The Musical Instrument Museum is supposedly in Phoenix, but I didn’t see anything but desert for miles around it, which reminds me, I also visited the Arizona-Sonora Desert Museum in Tucson, where I learned that javelinas look similar to, but are not pigs. Okay, good to know. The special exhibit at the instrument museum was Dragons and Vines: Inlaid Guitar Masterpieces. The guitars were much more attractive than the javelinas.

The Breakup exhibit at the MCA was mostly related to a serious topic, but what caught my attention was that it also had some cool memorabilia related to theories on the timeline of the breakup of The Beatles. Spoiler alert – they’re not getting back together.

The Saturday Night Live: The Experience exhibit at the Museum of Broadcast Communications offers you the possibility of paying more money on top of your admission fee to have your picture taken behind the Weekend Update news desk. I passed on that part of the experience, went home, and sat behind my own desk for free.

I went to the Rodin exhibit at the Art Institute expecting to see paintings of a giant flying monster from a 1956 Japanese horror film (oops, that was Rodan), but instead saw a bunch of sculptures, including one of some naked guy thinking. I wonder whether he was thinking about giant flying monsters.

I’ve been to Jack Kerouac’s grave in Lowell Massachusetts (wasn’t my idea), and seen Jack Kerouac Alley across the street from City Lights Bookstore in San Francisco, but I’ve never read On the Road Again, even though it was the anthem of my generation, or so I’m told. I loved Canned Heat’s hit On the Road Again, way before Willie Nelson recorded it. I’m not sure what to make of all that, but it was still interesting to see the 120-foot-long roll of paper upon which Kerouac typed the On the Road manuscript, which was on display at the American Writers Museum last October. By the way, in case you’re wondering, it’s not toilet paper, though that would have made an even better story.

Museum of Science and Industry – Robots – January 3, 2018

There was no way I was going to miss the special robot exhibit at the museum, even if it meant navigating a sea of children. I love the underground parking at the museum and though, having arrived in the early afternoon, I had to go around and around searching for a space, my downward journey led me to park on the level where the main entrance is – bizarre justice.

The robots were great, although I witnessed one draw a game of tic tac toe with a child when a winning move was there for the taking by the robot.  I’m not sure whether this was good public relations, faulty programming, or misguided mechanical parenting.

I also witnessed the robot blackjack dealer pull a card off the bottom of the deck.

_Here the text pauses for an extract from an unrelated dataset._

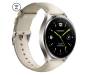 Смарт-годинник Xiaomi Watch 2 Titan Gray Case with White Leather Strap (BHR9306GL)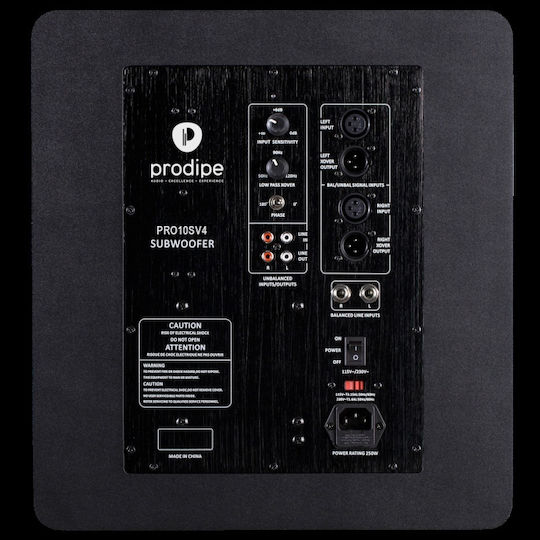 Prodipe Pro10S Aktiv Subwoofer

Okay, not literally, but all three human players were sitting on 20, when the robot came up with 21. Very suspicious.  Good thing they weren’t playing for money, although there was an extra charge to see the robot exhibit.

There was another station where you could build your own vehicle out of various colored attachable blocks, one type of which included a battery to power the vehicle. I tried in vain to manufacture a mobile unit, even enlisting the help of a young mother whose child’s work far exceeded my pitiful efforts.  She was sympathetic but unable to help, being clueless herself and unable to gain her child’s attention long enough to explain the process to us.  Tail between my legs, I moved on.

I took in some of the long-time exhibits. One can’t go to the museum without seeing the trains.  And though I didn’t intentionally go to see the submarine, I found myself, for a few minutes, wandering aimlessly through World War 2, unable to find my way out, as if trapped in a Kurt Vonnegut story.

I eventually prevailed, and, on my way out, saw the sign for the Pixar exhibit coming in May. I’ll be back!